I disagree with the conclusions drawn though. I do agree that you can train
your capacity for willpower, but I don't think that a new years resolution is
a good way to do it.

The reason I disagree is that there's a lot of competing factors. When you
exercise a muscle, say you are running, your ability to run is lower to start
with. You run, you get tired, you rest. You're sore for a couple of days, and
then you go back out and run again when you've recovered. You do this a few
times a week and in a few months you're able to run much further. In a few
years running isn't a burden.

On the other hand, when you exercise willpower, you utilize it, you get tired,
and then what? Now your willpower is exhausted. Say you are avoiding alcohol,
and you really enjoy drinking, maybe you're even an alcoholic. You constantly
crave it, and you avoid it, but you eventually exhaust your willpower. Then
what? If this were running, you would rest. But this is a resolution, you
can't give in and drink, otherwise you're breaking your resolution. So you
keep avoiding it, pushing yourself to do that. That builds stress, and stress
is bad in this case. Stress works doubly against you because it starts to push
you to make irrational decisions. But just say you continue to avoid it. You
manage to do so, but at the cost of a lot of stress the whole time its
happening. If you do break the resolution there's all sorts of other things
that happen with your reward valuation and memory that make it hard to want to
try it again. You've now tried and failed to stop, and the next time you want
to try, you'll remember the failure, and feel stress, which will make you more
prone to irrational behavior. There's also self-image issues.
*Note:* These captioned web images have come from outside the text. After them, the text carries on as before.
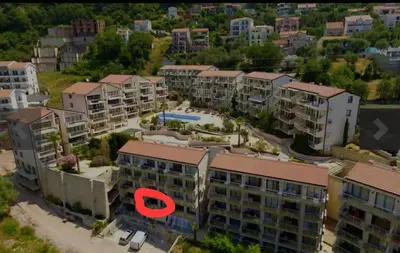 an aerial view of an apartment complex with a red circle at 1-Bedroom Appartament mit Pool in Pržno
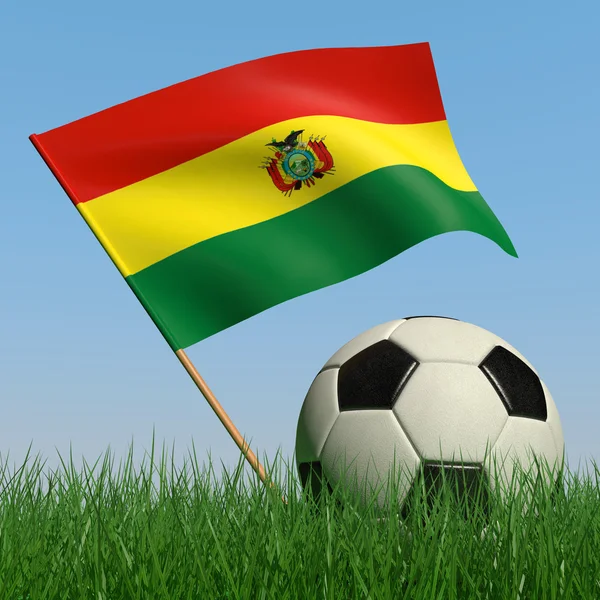 Ballon de football dans l'herbe et le drapeau de la Bolivie — Photo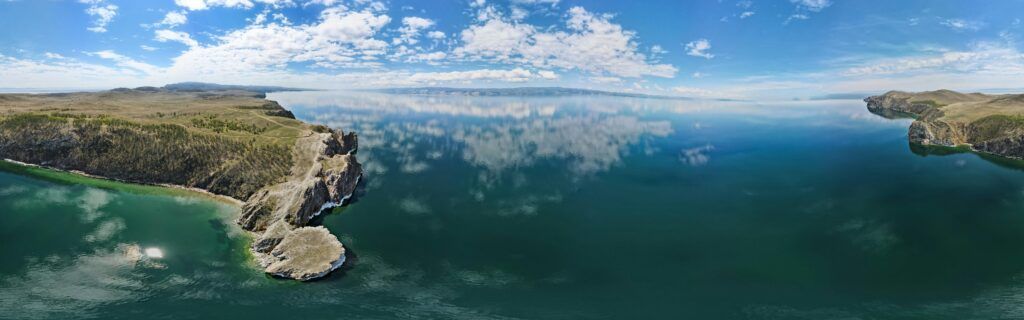A breathtaking aerial view of Lake Baikal with clear waters reflecting the sky, surrounded by rugged cliffs.
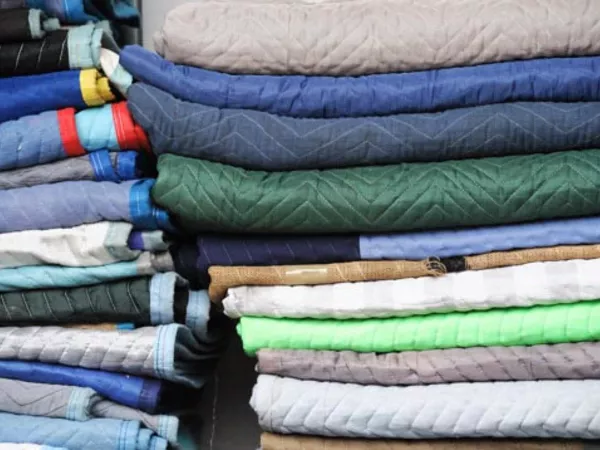 stack of moving blankets folded and ready to use for wrapping furniture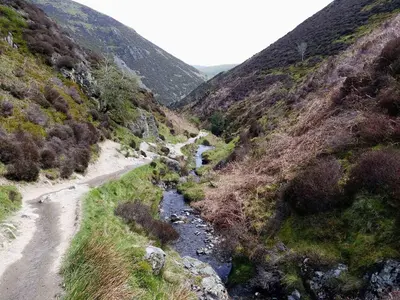 a dirt road in a mountain with a river at Home Farm House in Dorrington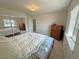Bedroom with a view of a large mirrored closet, a dresser, and a window providing natural light at 3110 National Ave, Pahrump, NV 89048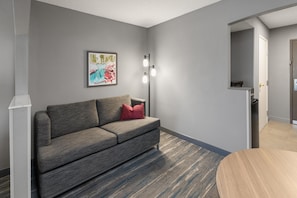 Un salon moderne avec un canapé gris, un coussin rouge, un tableau encadré au mur et une lampe sur pied.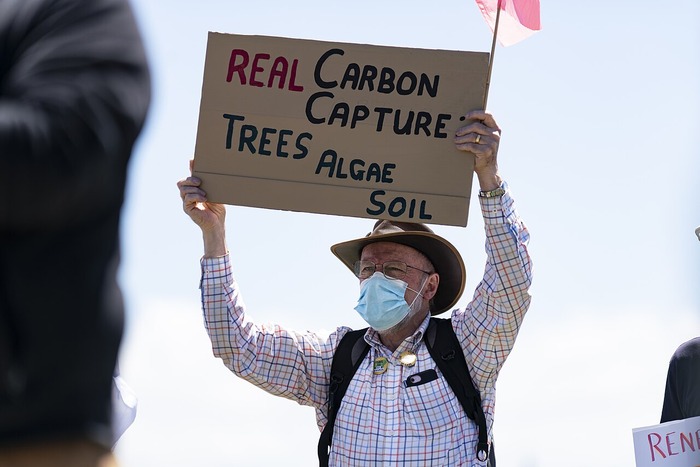 man holding a sign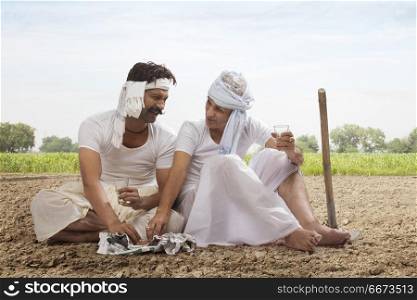 Two farmers sitting in field drinking tea and eating snacks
You maybe end up changing your behavior as there's extinction processes when
it comes to habits, and you will have developed coping mechanisms. But a
question is whether your overall willpower has improved. That's hard to say.

When you run, if you continue to run, and then continue to run even more, and
then hook yourself up to a machine that stimulates your muscles when they
eventually give up, you aren't really helping build those muscles. They are
constantly working, they are getting damaged, they are not resting and
rebuilding.

But lets think about something less of an addiction, and more like the cotton
candy example. The problem with a resolution to avoid cotton candy is that
it's trivial and meaningless. You're not exhausting anything. It's like saying
your running regimen is running for 25 seconds whenever you hear Rick Astley
on the radio. Sure, the occasion when you do happen to hear him, you run, but
it's not strenuous or common enough to help at all.

I do train my willpower. I do it not through something like a resolution, but
rather through every day things. For instance, recently I played a video game,
Might and Magic 1. A large part of that game is mapping. It's something quite
enjoyable when I have the willpower, but it is fiddly the way I was doing it,
(I was using mspaint and doing it pixel by pixel.) I can tell when I run out
of willpower because I stop being willing to do it, I start to take shortcuts,
I start to get frustrated. I push myself hard to do that, and then I rest. I
do that in the evening, and I work during the day. I do my normal work during
the day, and that exhausts some willpower, and then if I still have it left
over, I push it hard again at night. That game was just an example, but I do
many different things to the same end. The point is that it's intentional, and
I do it with awareness of how I'm feeling.

The big thing is, I'm aware of how hard I'm pushing it, and I stop without
feeling guilty. The problem with a resolution is it's harder to exercise that
resolution when you want to (I'm going to not eat rice so hard right now!) and
that you can't stop exercising it when you need a rest without breaking your
resolution.

I think the hardest part about training willpower is knowing when to relax it.